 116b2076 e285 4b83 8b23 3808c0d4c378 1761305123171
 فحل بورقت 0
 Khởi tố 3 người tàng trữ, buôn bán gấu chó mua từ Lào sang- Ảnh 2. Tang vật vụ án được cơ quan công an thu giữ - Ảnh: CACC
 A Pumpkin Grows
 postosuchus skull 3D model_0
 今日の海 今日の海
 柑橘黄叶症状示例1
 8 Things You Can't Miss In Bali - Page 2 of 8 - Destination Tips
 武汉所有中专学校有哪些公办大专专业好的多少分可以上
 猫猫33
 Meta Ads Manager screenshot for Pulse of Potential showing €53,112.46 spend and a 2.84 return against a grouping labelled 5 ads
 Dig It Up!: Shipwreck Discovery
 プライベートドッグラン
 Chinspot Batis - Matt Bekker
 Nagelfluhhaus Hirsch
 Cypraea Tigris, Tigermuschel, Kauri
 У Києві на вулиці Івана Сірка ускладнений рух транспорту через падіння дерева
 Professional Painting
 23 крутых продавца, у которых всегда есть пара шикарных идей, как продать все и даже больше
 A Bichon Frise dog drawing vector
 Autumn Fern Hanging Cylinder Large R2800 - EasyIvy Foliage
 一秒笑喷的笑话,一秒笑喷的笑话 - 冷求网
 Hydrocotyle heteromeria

== == ==

### [Work instructions]
An exact, line-for-line copy is required: from the line containing "Chinspot Batis - Matt Bekker" through the final line of the listing above, both included, with nothing else.

### [Written solution]
 Chinspot Batis - Matt Bekker
 Nagelfluhhaus Hirsch
 Cypraea Tigris, Tigermuschel, Kauri
 У Києві на вулиці Івана Сірка ускладнений рух транспорту через падіння дерева
 Professional Painting
 23 крутых продавца, у которых всегда есть пара шикарных идей, как продать все и даже больше
 A Bichon Frise dog drawing vector
 Autumn Fern Hanging Cylinder Large R2800 - EasyIvy Foliage
 一秒笑喷的笑话,一秒笑喷的笑话 - 冷求网
 Hydrocotyle heteromeria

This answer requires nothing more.